## TASK DESCRIPTION
From the material below, please set down exactly the lines starting with the one with "Detail of flower" and going on through the one with "Char-grilled lamb rack", without a single picture.

## EXERCISE INPUTS
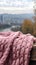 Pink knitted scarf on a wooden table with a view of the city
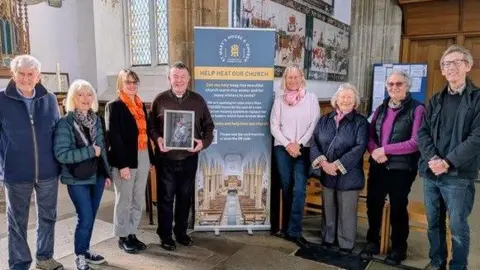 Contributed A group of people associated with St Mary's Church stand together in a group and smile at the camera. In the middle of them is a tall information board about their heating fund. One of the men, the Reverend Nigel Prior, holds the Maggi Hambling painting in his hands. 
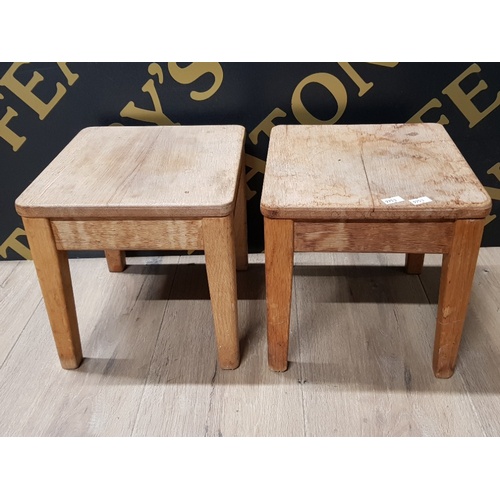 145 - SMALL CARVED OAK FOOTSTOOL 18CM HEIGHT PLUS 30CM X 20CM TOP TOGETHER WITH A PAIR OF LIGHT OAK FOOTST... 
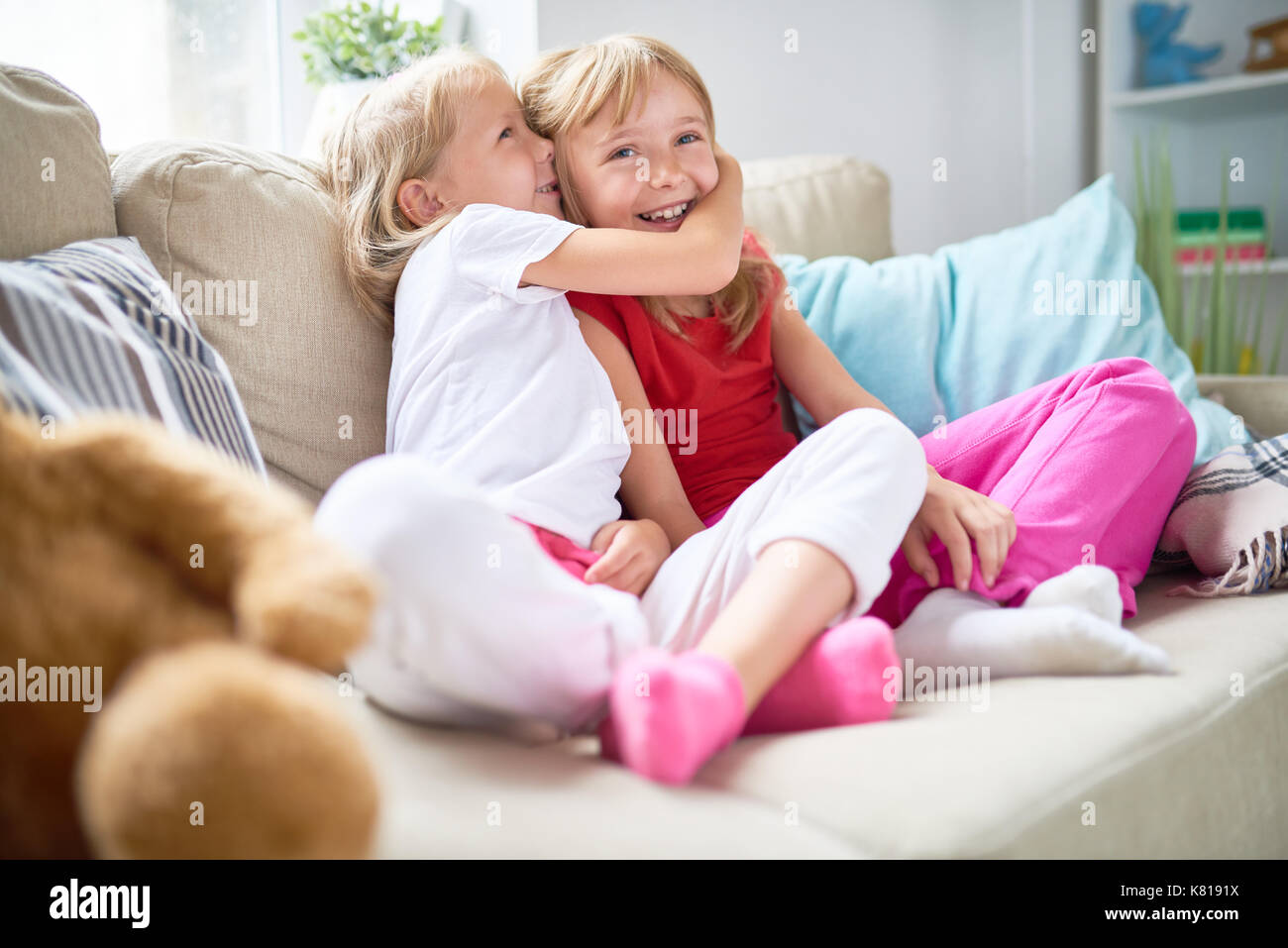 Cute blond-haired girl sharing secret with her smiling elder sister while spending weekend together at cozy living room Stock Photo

==

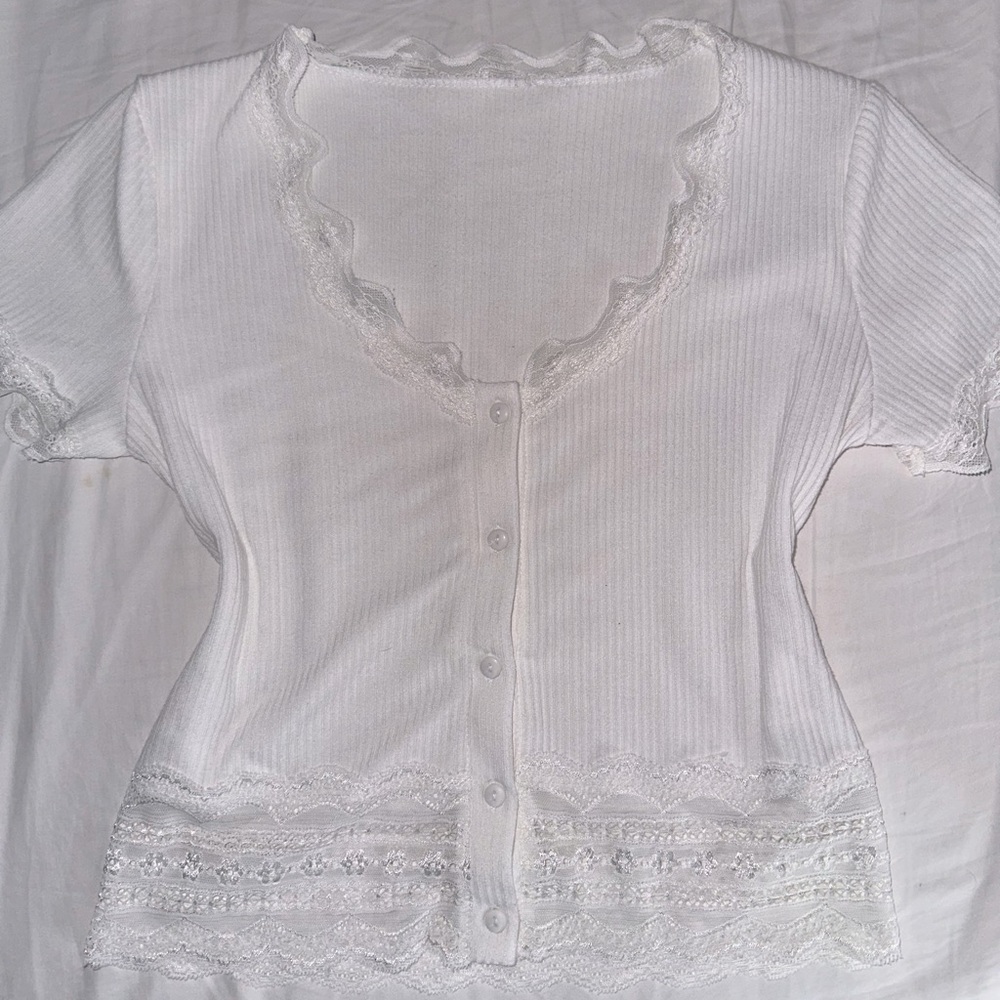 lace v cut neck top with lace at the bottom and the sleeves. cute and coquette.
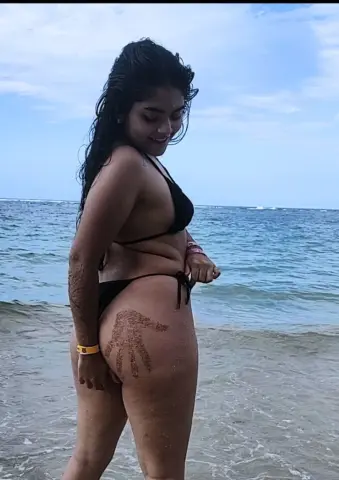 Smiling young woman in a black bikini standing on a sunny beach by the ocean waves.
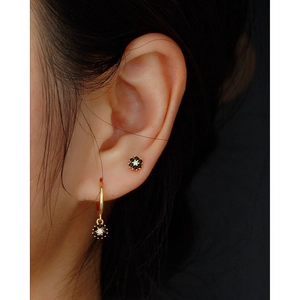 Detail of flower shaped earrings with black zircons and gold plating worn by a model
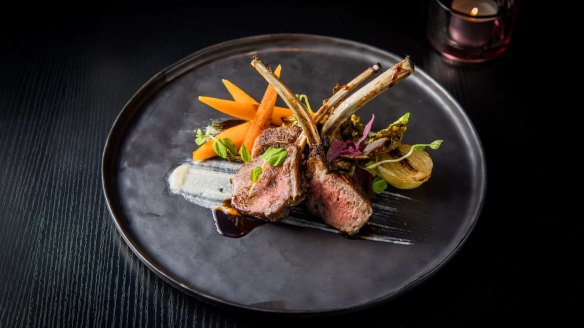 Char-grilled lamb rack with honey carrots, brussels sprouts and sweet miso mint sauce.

## WRITTEN SOLUTION
 Detail of flower shaped earrings with black zircons and gold plating worn by a model
 Char-grilled lamb rack with honey carrots, brussels sprouts and sweet miso mint sauce.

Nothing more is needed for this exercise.